Which lines run from the one with "Canadian vs Latvian" through the end of the data? Retype them exactly, without pictures.
--- The data Enclosed Below ---
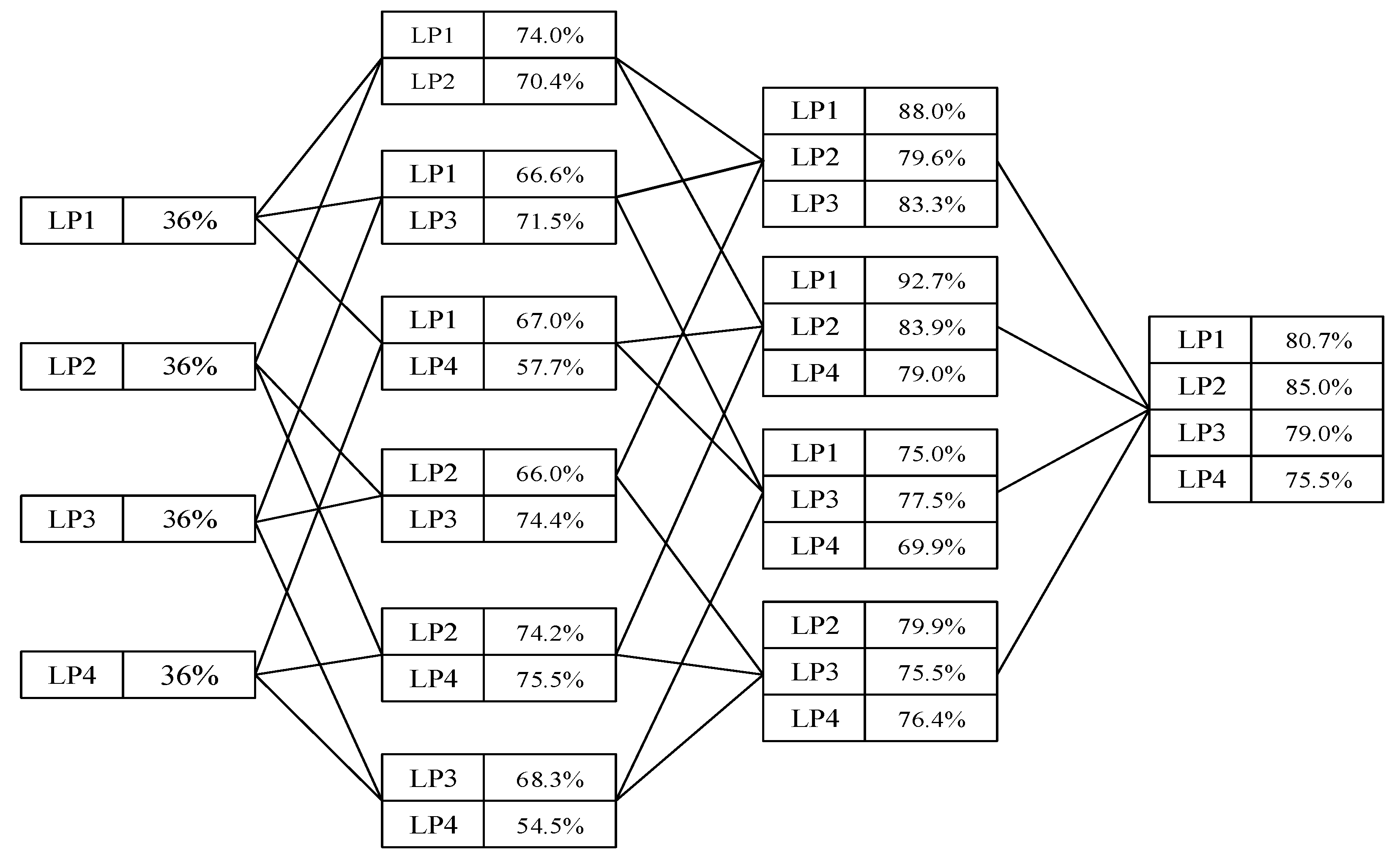 Sustainability 11 03492 g013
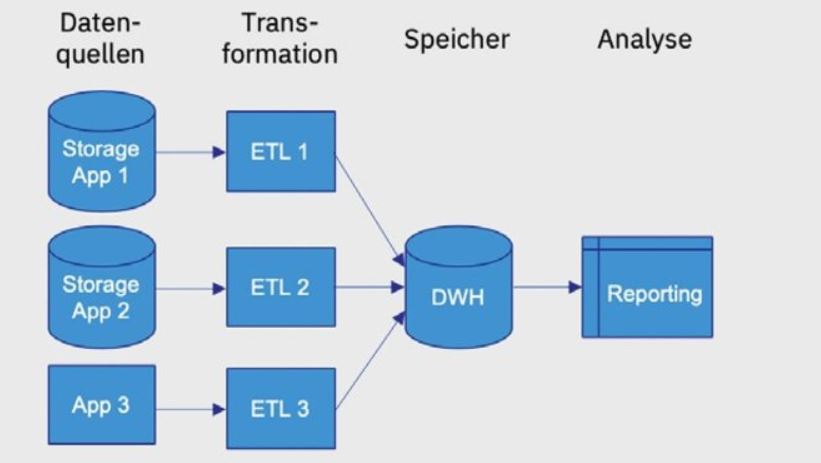 Abbildung 2 Wilfred Hoge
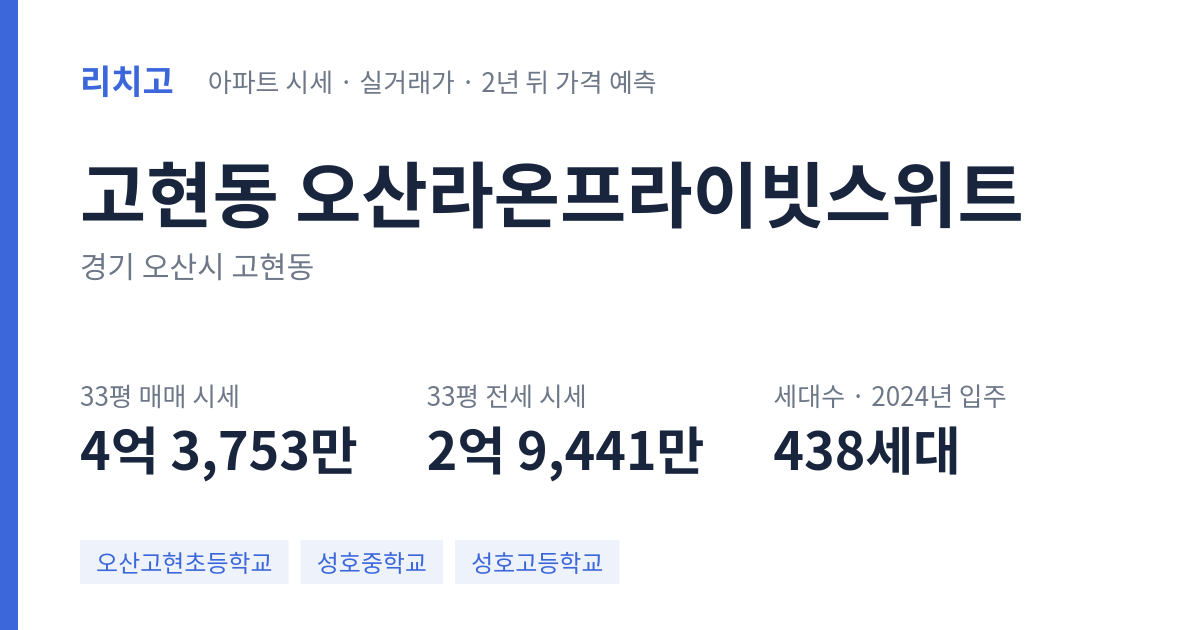 오산라온프라이빗스위트 아파트 요약 카드 — 대표 평형 매매·전세 시세, 세대수, 입주 연도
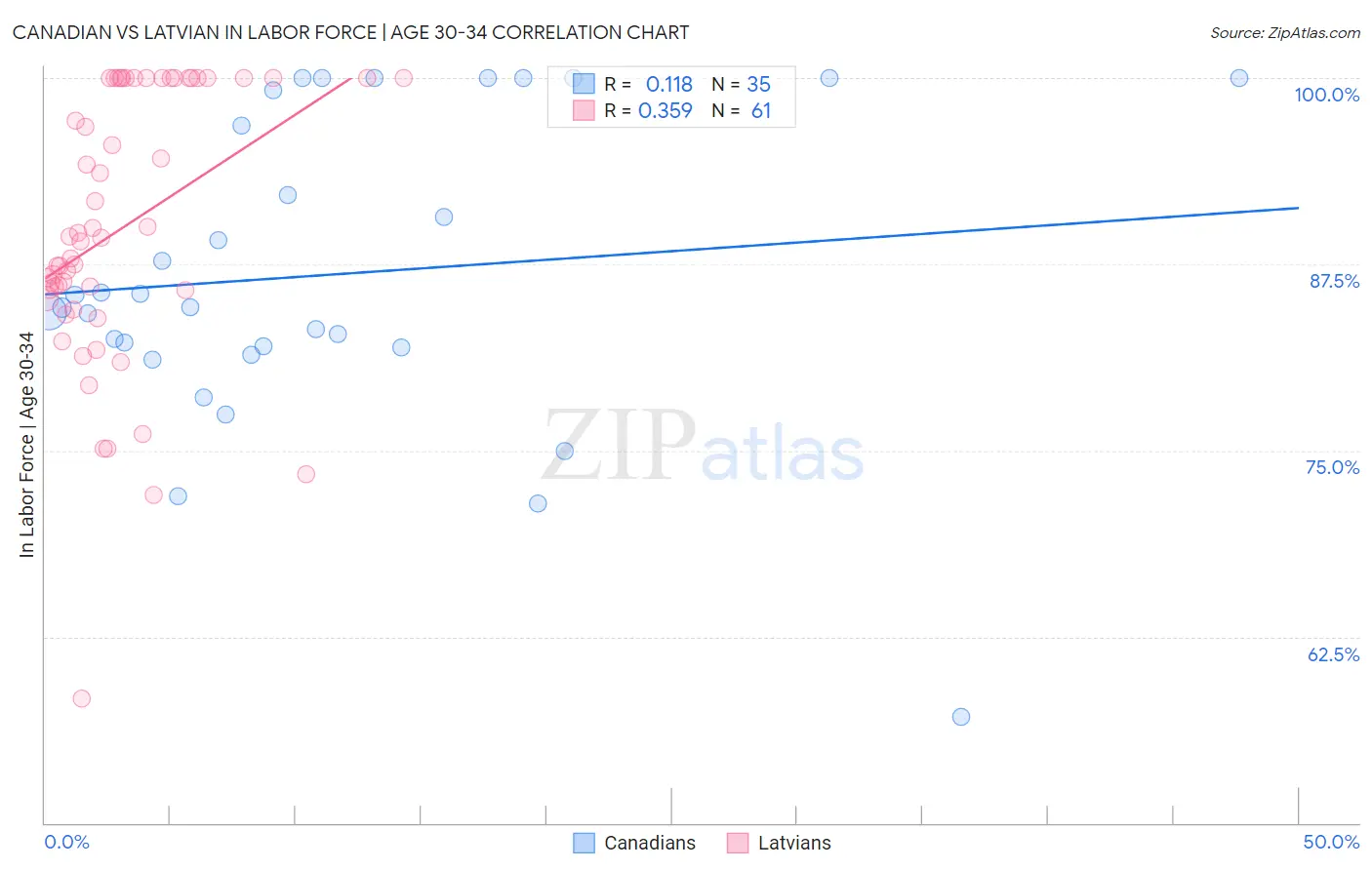 Canadian vs Latvian In Labor Force | Age 30-34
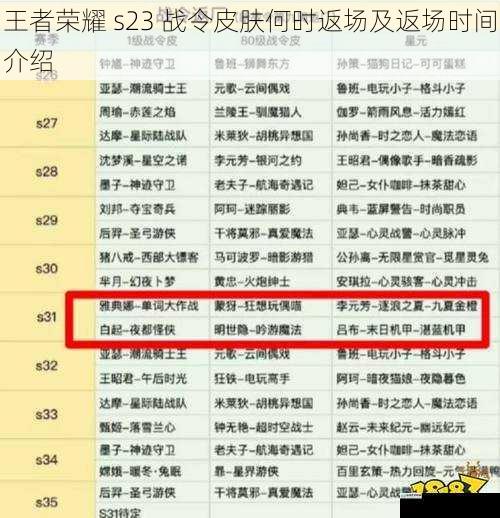 王者荣耀 s23 战令皮肤何时返场及返场时间介绍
--- End of Enclosed The data ---
**Output for this exercise**.
 Canadian vs Latvian In Labor Force | Age 30-34
 王者荣耀 s23 战令皮肤何时返场及返场时间介绍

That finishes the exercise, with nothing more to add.